2. Test de contrôle moteur — zéro compensation visible.
Filme-toi en train de faire un mouvement fonctionnel lié à ton sport: un squat, un saut vertical, une fente, une montée de marche. Regarde la vidéo au ralenti. Est-ce que ton genou part vers l’intérieur? Est-ce que ton bassin bascule? Est-ce que ton épaule monte vers l’oreille? Toute compensation — même minime — signale que ton système nerveux ne fait pas confiance à la zone blessée. Il recrute d’autres muscles pour éviter la charge. C’est un signal rouge. Corrige le mouvement avec des exercices de stabilisation avant de charger davantage.

3. Test de tolérance au volume — capacité à répéter sans douleur différée.
Fais 3 séries de 15 répétitions d’un exercice spécifique à faible charge (par exemple, des mollets debout pour une cheville, des élévations latérales à 2 kg pour une épaule). Note ta douleur immédiate sur 10. Puis note-la 24h plus tard et 48h plus tard. Si tu dépasses 2/10 à n’importe quel moment, ou si la douleur augmente au lieu de diminuer, ton tissu n’est pas prêt pour un volume élevé. Réduire l’intensité, c’est facile. Réduire le volume, c’est ce que la plupart des gens oublient — et c’est souvent le volume qui tue la récupération.

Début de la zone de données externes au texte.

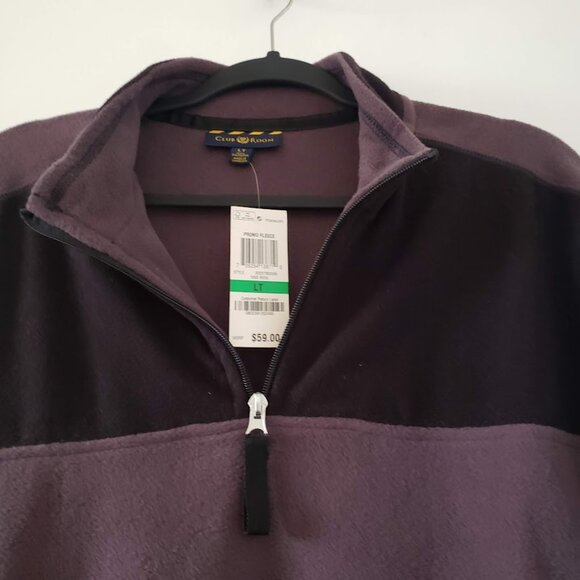 New Club Room size large tall fleece sweater long sleeve LT pullover jac… - Picture 6 of 7
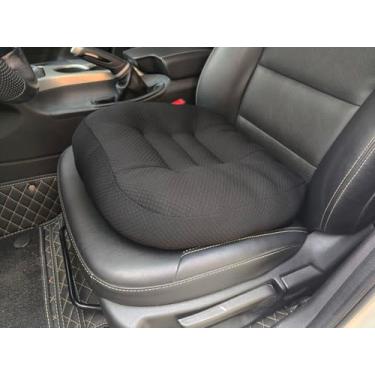 Imagem de Almofada de assento elevatória adulto para aumento de altura de carro, almofada grossa para cadeira de escritório, cadeira de balanço, almofada de chão, dor nas costas, cóccix, alça de transporte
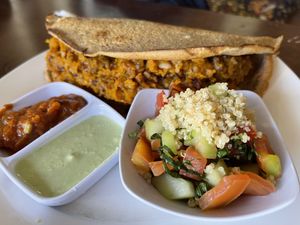 Vegan gluten free taco   at Dayu's Warung in Ubud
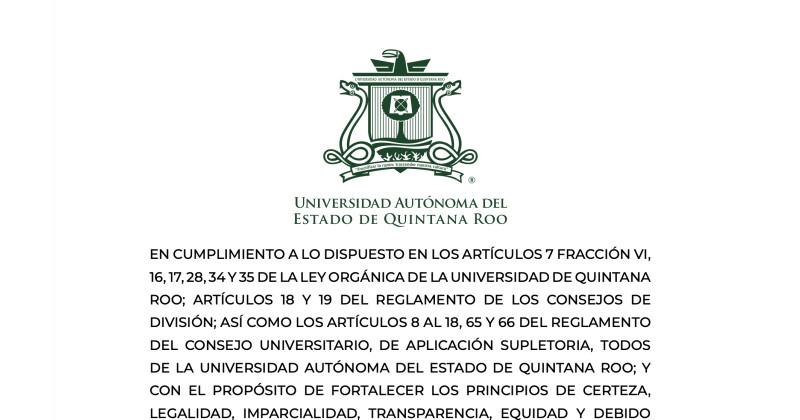 Banner de Proceso electoral para representantes propietarias y suplentes del alumnado y del personal académico DCPEA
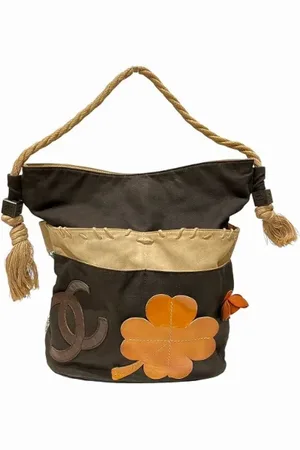 CHANEL Pre-owned, Dames, Bruin, ONE Size, Leer, Pre-owned Canvas chanel-bags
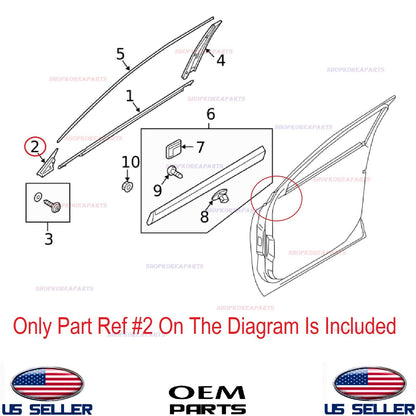 GENUINE OEM Front Door Trim Molding Garnish Delta Passenger Side 20-25 Telluride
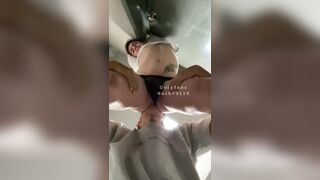 Latino twink anal drilling bubble ass of blond hunk cruising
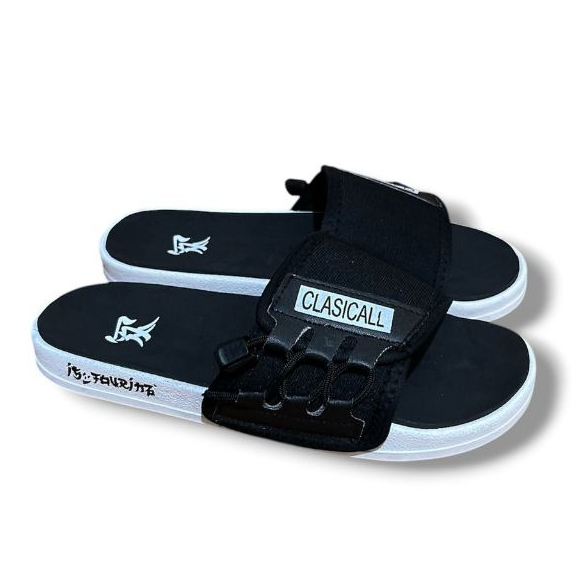 Edash - Sandal Pria Classical Tali Distro - Sol White - Sandal Slipper | Sandal Slop | Sandal Slide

4. Test de réactivité — sauts et atterrissages sans appréhension.
Pour les membres inférieurs uniquement: fais 10 sauts verticaux sur place, puis 10 sauts unilatéraux (sur chaque jambe). Ensuite, fais 5 sauts en profondeur depuis une marche de 30 cm. Est-ce que tu hésites avant de sauter? Est-ce que tu atterris différemment d’un côté à l’autre? Est-ce que tu ressens une raideur ou une douleur après? L’appréhension est un indicateur puissant. Si ton cerveau ne fait pas confiance à la structure, tu vas inconsciemment limiter la force que tu y mets — ce qui crée des compensations et augmente le risque ailleurs.

Ce qu’il faut éviter

  • Reprendre au même volume qu’avant la blessure, même si l’intensité est réduite. Le volume tue.
  • Ignorer la douleur “supportable”. Une douleur de 3/10 pendant l’exercice peut devenir 7/10 le lendemain.
  • Sauter les exercices de stabilisation parce qu’ils sont “ennuyeux”. Ils sont ennuyeux. Ils sont aussi essentiels.
  • Comparer ton délai de récupération à celui de quelqu’un d’autre. Une entorse de grade 1 chez un athlète de 25 ans n’a rien à voir avec une entorse de grade 2 chez une coureuse de 45 ans avec un historique de chevilles instables.
  • Reprendre la compétition ou les entraînements de groupe avant d’avoir validé les tests en solo. La pression sociale te fera pousser au-delà de tes capacités réelles.

Le vrai gain

Reprendre trop tôt, c’est perdre des mois. Reprendre au bon moment, avec les bons critères, c’est gagner des années. Parce que tu ne te contentes pas de “guérir” — tu reconstruis une base plus solide, plus symétrique, plus résiliente que celle que tu avais avant la blessure.

C’est ça, la réhabilitation intelligente. Pas juste revenir à ton niveau d’avant. Revenir mieux. Avec une meilleure proprioception. Une meilleure activation musculaire. Une meilleure compréhension de ce que ton corps peut encaisser — et comment le préparer pour ça.

Ça prend plus de temps que ce que tu veux. Ça demande plus de discipline que ce que tu as envie de donner. Mais ça fonctionne. Et ça te permet de t’entraîner pendant des décennies, pas juste des saisons.